Bankability, not risk, is the real frontier. As highlighted by panelists Shayo Olumide (Vice President, Heavy Industries, Telecoms and Technology, Africa Finance Corporation), Vivek Mittal (Chief Executive Officer, African Infrastructure Development Association), Ben Roberts (Principal, Digital Economy Advisors), and Oguche Agudah (Head, Programme, Pan Africa Fund Managers Alliance and pioneer Chief Executive Officer, Pension Fund Operations Association of Nigeria), many African digital infrastructure projects fail long before they reach the financing table because they are poorly prepared – lacking feasibility studies, clear permitting pathways, and credible risk allocation.
Investors will fund exposure; they will not fund confusion. When projects are de-risked through sound preparation, such as environmental approvals, anchor clients, sovereign guarantees, or blended finance mechanisms, they cross the threshold from speculative to investable. Predictability lowers the cost of capital more than incentives ever can.

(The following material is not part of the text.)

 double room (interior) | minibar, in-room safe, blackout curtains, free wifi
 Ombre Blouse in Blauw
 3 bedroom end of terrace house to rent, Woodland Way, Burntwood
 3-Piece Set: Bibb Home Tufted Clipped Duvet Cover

How do you determine bankability? It is beyond a checklist; it’s a narrative of confidence – the ability to convince lenders that the numbers, the policy, and the physics of a project can hold steady long enough to pay them back.

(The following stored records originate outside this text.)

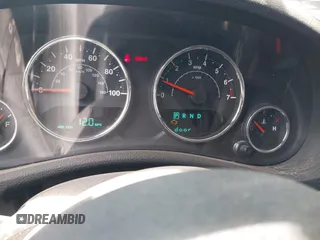 2014 Jeep Wrangler Unlimited Rubicon with VIN 1C4BJWFGXEL172622, listed as a IAAI auction lot 41782796 with 67,594 mi miles. Bid and sale history available at carsss.com. Image 7.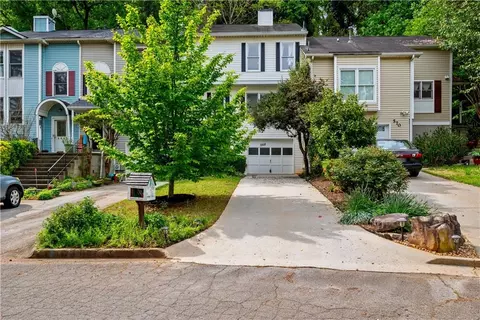 568 Stratford Grn, Avondale Estates, GA 30002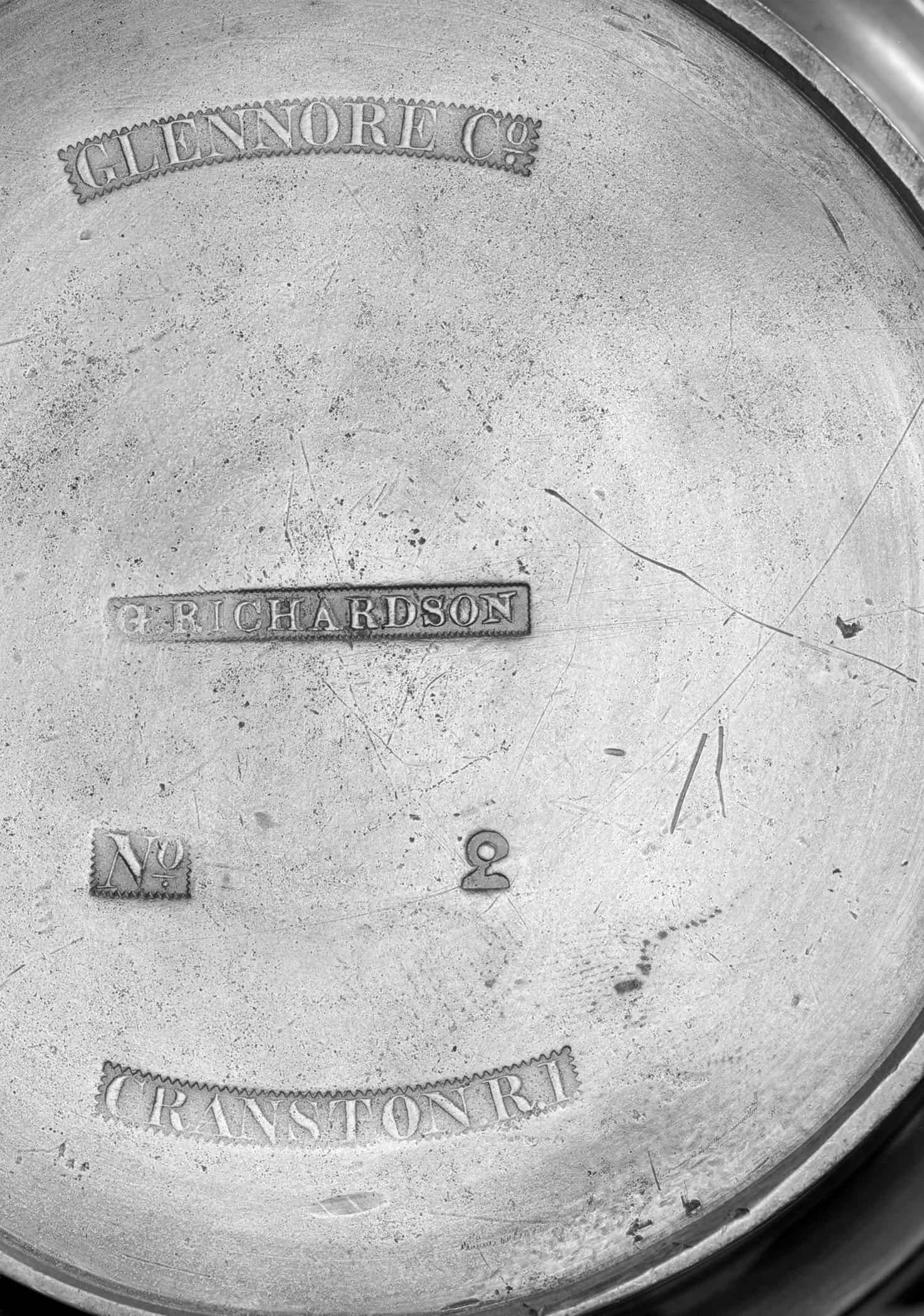 1963.0660 Pewter sugar bowl (mark)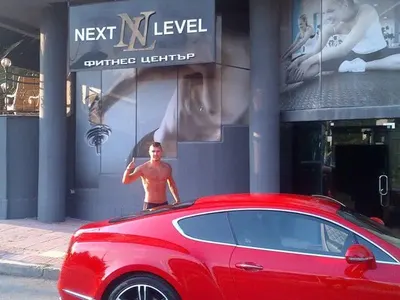 Върхът на тузарията! Благо не облича една дреха два пъти! (+ Вижте манията на футболистите по колите – СНИМКИ)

Bankability is ultimately about confidence – the belief that a project’s fundamentals will endure. In Africa’s digital economy, that confidence rests on four pillars: preparation, policy, counterparties, and cash flow clarity.
Power remains the clearest test. Data centers follow electricity, not customers. In many markets, unreliable grids force operators into captive generation, driving up CAPEX and OPEX until balance sheets strain. Bankability means stable PPAs, credible offtakers, and guarantees that convert uncertainty into predictable cash flow. In fiber and connectivity, it means right-of-way certainty, anchor tenants, and open-access pricing – conditions that make projects like Nigeria’s BRIDGE initiative financeable. In data centers, it’s utilization, energy security, and long-term interconnection agreements that matter most.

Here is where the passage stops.